Gaetano Salvati Commento su Matteo 20,1-16"Liberati e perdonati"

Commento su Matteo 20,1-16
XXV Domenica del Tempo Ordinario (Anno A) (21/09/2014)
San Paolo esorta i filippesi a comportarsi "in modo degno del vangelo di Cristo" (Fil 1,27); senza invidia, ma riconoscenti verso il Signore per il dono di grazia ricevuto con il battesimo. Tale dono libera le nostre esistenza dall'ombra della morte.
Liberati e perdonati, i nostri pensieri sono lontani, estranei al modo di guardare e custodire il cammino degli uomini da parte del Signore (Is 55,8). È quello che Gesù ci dice nella parabola odierna.
"Il regno dei cieli" (Mt 20,1) è l'incontro fra Dio, che vuole tutti salvi, e la nostra storia, trasformata, redenta con il sangue dell'Innocente. In Lui, nella sua opera d'amore, ogni uomo può trovare la verità, la condizione necessaria per realizzarsi come
uomo e come figlio di Dio.
"Il padrone di casa uscì all'alba per prendere a giornata lavoratori per la sua vigna" (v. 1). La verità non aspetta l'iniziativa dell'uomo: è Cristo, una persona non una idea, che cerca la creatura. Quando l'ha trovata e questi ha risposto al Suo amore, la rende testimone del Suo regno. Essere testimone del regno significa che ogni cristiano è chiamato a servire il padrone, Cristo. Servire non indica schiavitù, bensì amare nei fratelli il Signore, senza ottenere nulla in cambio, fino al sacrificio, come ha fatto il Figlio di Dio.
"Chiama i lavoratori e dai loro la paga" (v.8). Qual è la paga che il Signore riserva a coloro che hanno risposto al suo invito? È Cristo la nostra paga, la Sua dolce presenza che conforta nelle afflizioni, che dona la forza per superare gli ostacoli quotidiani, che elargisce la pace e la consapevolezza che siamo amati nonostante tutto.
"Quando arrivarono i primi - i lavoratori della prima ora - mormoravano contro il padrone" (v.10-11). Se lavoriamo per noi stessi e non per il padrone, vogliamo gli elogi oppure avanzare di carriera; in questo modo abbandoniamo il senso per cui siamo stati chiamati, la gratuità: vivere per Cristo.

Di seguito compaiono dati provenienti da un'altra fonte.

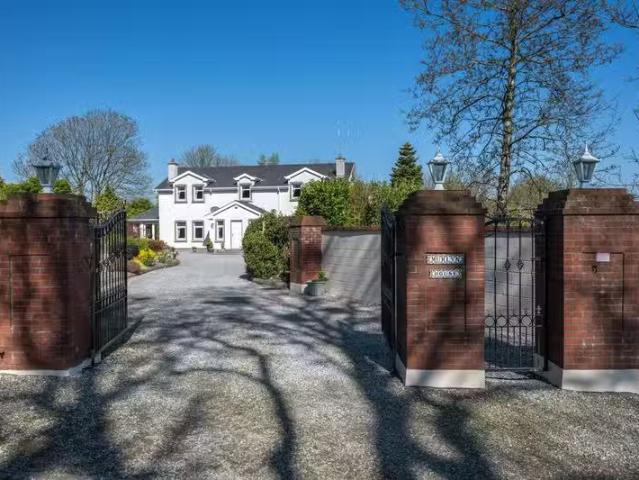 House for sale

"Gli ultimi saranno i primi e i primi, gli ultimi" (v.16). È una ammonizione del Signore, un consiglio a non farci superbi, a non considerarci pienamente realizzati anche se svolgiamo un compito rilevante all'interno della comunità cristiana. La paga è ottenuta, ma è facile pure che i nostri sguardi possano rivolgersi verso l'egoismo e la disumanità. Cristo invece ci invita a rimanere con Lui, ad essere sensibili, buoni con tutti; a coinvolgere ognuno nell'opera d'amore, a dare spazio a ciascuno. Amen.